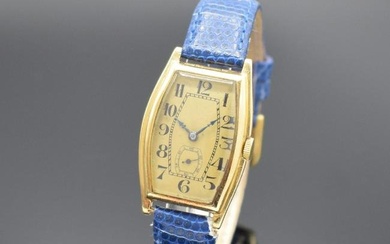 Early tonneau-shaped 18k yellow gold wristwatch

---

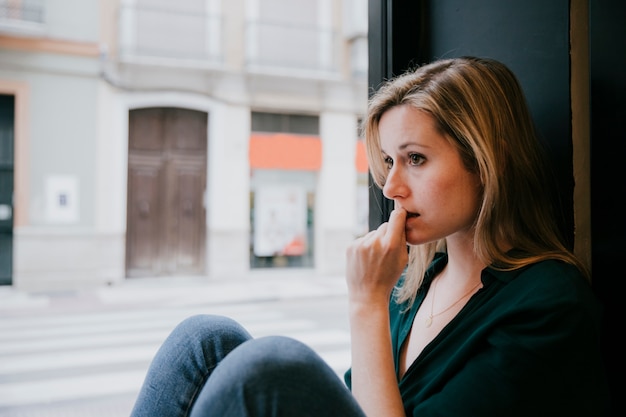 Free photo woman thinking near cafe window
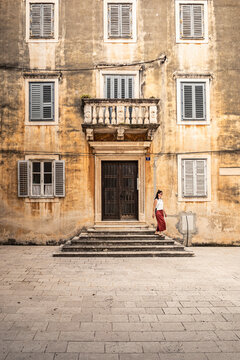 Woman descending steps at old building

__Your task__:
Using the listing above, repeat word for word each line from the one with "Free photo woman thinking near cafe window" down to the one with "Woman descending steps at old building", both included. Omit all pictures.

__Solution to this exercise__:
 Free photo woman thinking near cafe window
 Woman descending steps at old building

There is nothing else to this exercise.